Nessuna reflex sarà mai in grado, da sola, di riprodurre fedelmente quello che abbiamo visto come lo abbiamo visto. Per questo la dobbiamo aiutare, elaborando il file da lei prodotto per renderlo il più fedele possibile alla nostra visione. E ripeto, non è una novità: per convincersene basta leggere qualsiasi cosa scritta da Ansel Adams, sempre pronto ad ammettere che nella sua vita ha passato più tempo in camera oscura che in giro, o cercare su google i provini che Richard Avedon mandava al suo fidato stampatore con scritti sopra a pennarello i ritocchi che voleva lui facesse. I più grandi di sempre erano prima di tutto dei grandissimi stampatori di sé stessi, ma gli altri dovevano per forza affidare il risultato finale a qualcun altro, affidabile o meno che fosse.
Forse è questo il motivo che porta le persone a credere che il fotoritocco sia una novità del digitale con un alone quasi di “oltraggio”: il fatto che il 99% dei fotografi mandava “allo stampatore” i rullini così come erano e non aveva modo di intervenire ulteriormente.
Ma per i professionisti non è mai stato così.
Raggiungere i risultati che tanto ammiriamo sui libri e sulle riviste, o la qualità delle foto dei nostri idoli è, senza un sapiente lavoro di post produzione, semplicemente impossibile.

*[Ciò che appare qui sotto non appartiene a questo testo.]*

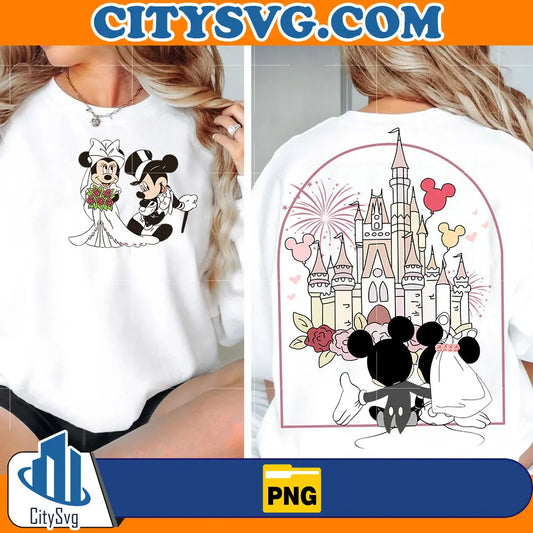 DisneyHappilyEverPng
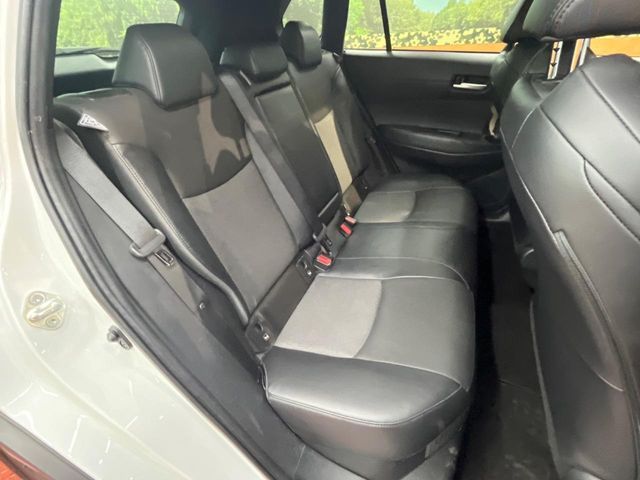 TOYOTA COROLLA CROSS HYBRID 2022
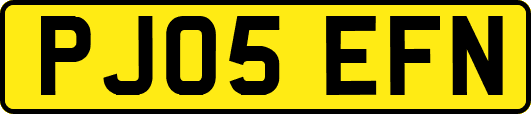 PJ05EFN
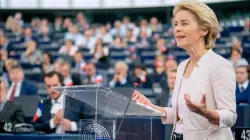 Ursula von der Leyen, presidente della Commissione UE / europarl.eu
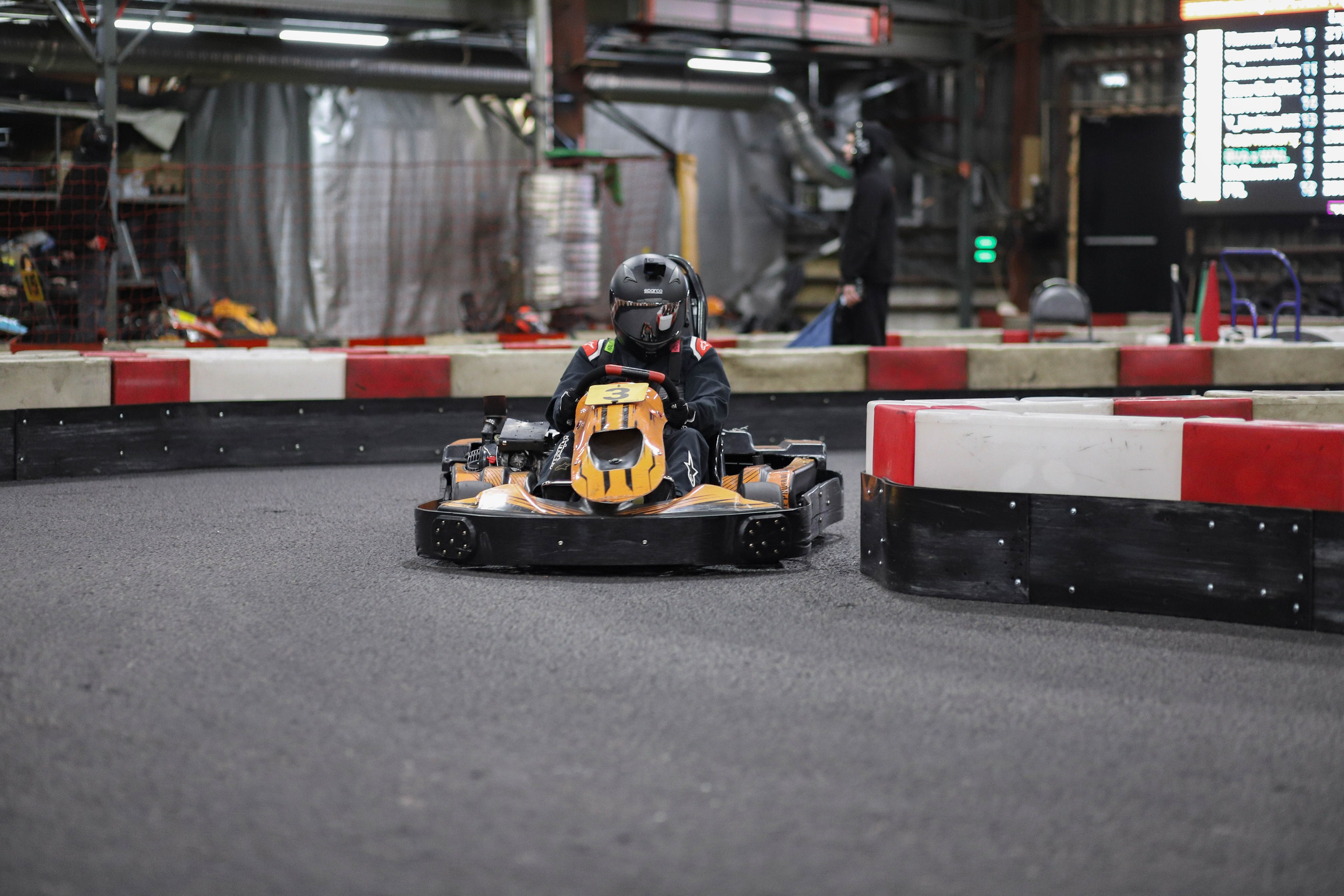 LSK Winter Cup 2025 — 2026 | Этап 3. Malenkyia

Una delle novità introdotte dal digitale che mi piacciono di più, invece, è il fatto che ha portato tutto il processo produttivo nelle mani del fotografo: adesso tutti abbiamo a disposizione la nostra camera oscura personale, o “camera chiara”, e manteniamo quindi il totale controllo sul nostro scatto, fino alla stampa finale. E la cosa difficile, nell'utilizzo della nostra camera chiara, non è tanto capire come fare ad ottenere un certo effetto sulla nostra foto - per quello bastano un po’ di prove “curiose” - quanto piuttosto capire cosa davvero serve, alla nostra foto, per esprimere tutto il potenziale della scena che abbiamo visto quando abbiamo fatto click. Capire quali istruzioni avremmo dato noi, col pennarello, al nostro fidato stampatore. E più scattiamo, più prove facciamo davanti al PC, più queste cose ci saranno chiare, con il fenomenale effetto collaterale di permetterci di “vedere” già in fase di scatto quello che poi andremo ad introdurre successivamente in camera chiara.

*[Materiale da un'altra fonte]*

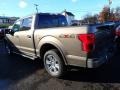 2019 Silver Spruce Ford F150 Lariat SuperCrew 4x4  photo #3
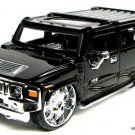 VERY RARE KEYCHAIN BLACK LUXURY HUMMER H2 CUSTOM Ltd️GREAT GIFT️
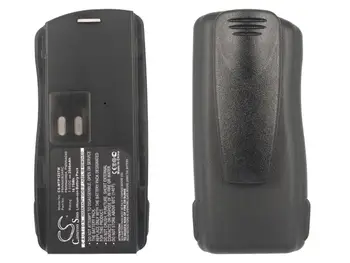 Cameron Sino Battery for Motorola GP2000 GP2000s SP66 GP2100 CP125 AXU4100 Replacement PMNN4046 PMNN4046A 2500mAh
Cameron Sino Battery for Motorola GP2000 GP2000s SP66 GP2100 CP125 AXU4100 Replacement PMNN4046 PMNN4046A 2500mAh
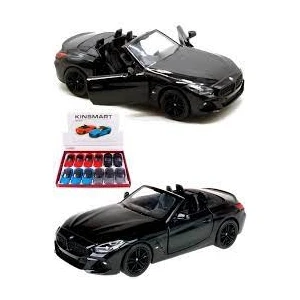 Bmw Z4 Diecast 1:36 Ölçek Metal Çek Bırak Araba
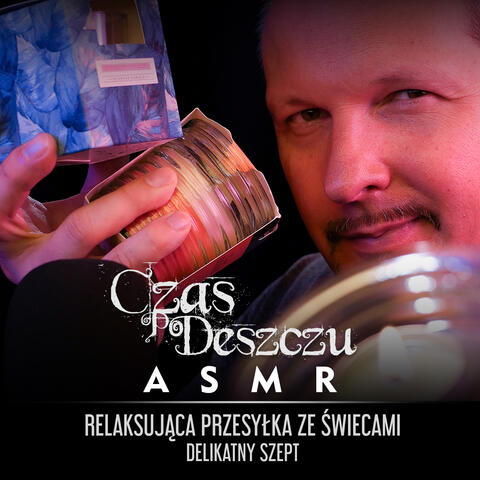 Relaksująca Przesyłka Ze Świecami • Delikatny Szept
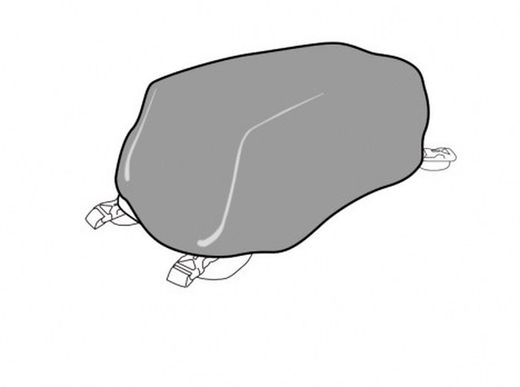 Shad SL12M 5 LITRE bag bag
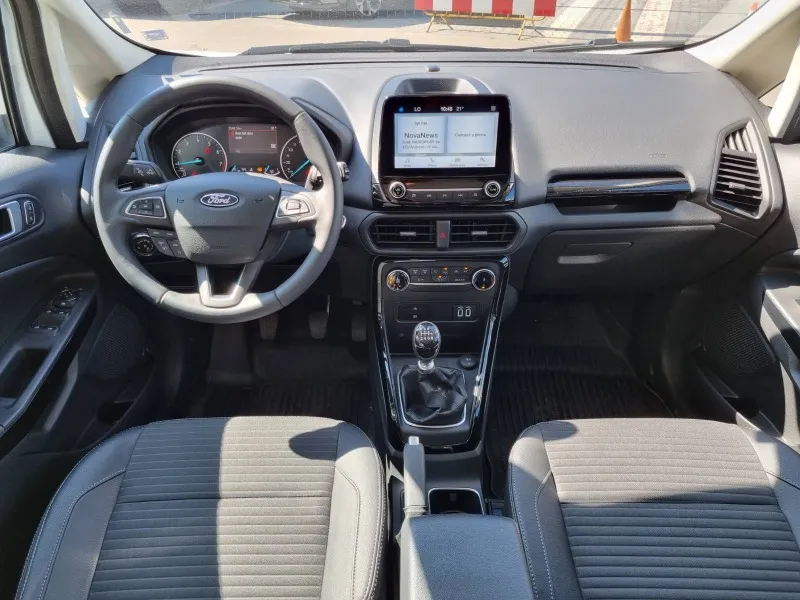 Ford EcoSport 1.0 Image 7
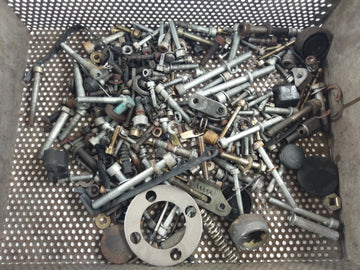 BMW R 850 R 259 [1999] - Skruer og resterende dele - 0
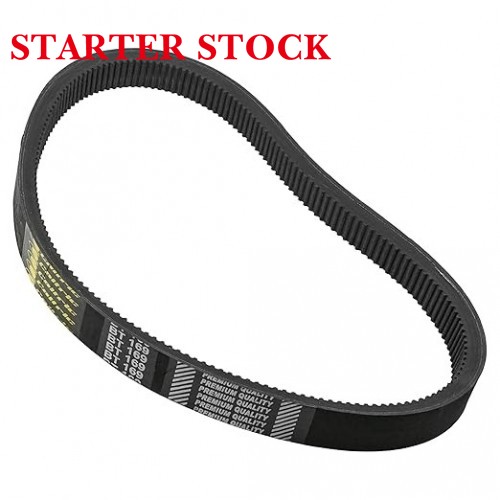 Starterstock Drive Clutch Belt 414860700 for Ski-Doo Formula/Grand Touring: Formula (500-600, SLS/STX/Z), Grand Touring (500-600/550F XP), 1996-2014picture2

D’altro canto però, ciò non vuol dire che siamo autorizzati a fare qualsiasi “porcata” ci venga in mente, o che il fatto di poter correggere (quasi) tutto in camera chiara ci debba rendere indulgenti in fase di scatto e ridurre il nostro impegno. Senza contare che il pericolo di esagerare con le nostre nuove scoperte è sempre dietro l’angolo, e tipicamente gli errori più comuni di chi si avvicina alla camera chiara sono alcuni degli effetti sparati a palla come se non ci fosse un domani.
Le cose “lecite” nell'ambito del fotoritocco sono, secondo me, né più né meno le stesse che si potevano fare in camera oscura armeggiando con ingranditori, vaschette e solventi. È questo il motivo per cui preferisco programmi come Lightroom al ben più potente Photoshop: il primo non permette di “imbrogliare”, concedendoci di rimanere nell'ambito della pura fotografia senza sfociare negli artefatti tipici della grafica o dell'illustrazione. Riguardo all'esagerare invece la situazione è più spinosa e meno oggettivamente identificabile, ma la soluzione è la solita: sapere quello che si va a fare e farlo con cognizione di causa, studiando e osservando chi ne sa più di noi.
Mi piace pensare al RAW come ad uno spartito: è la nostra sapiente ed edotta interpretazione a renderlo vivo ed emozionante per chi “ascolta”. Senza la nostra interpretazione, rimane un freddo foglio con tanti ghirigori.
Spero di avervi convinti del fatto che per raggiungere determinati risultati, conoscere le tecniche di postproduzione è necessario tanto quanto la padronanza delle tecniche di scatto, e vi saluto con una citazione che secondo me rende molto bene l’idea.
"You don't take a photograph. You make it."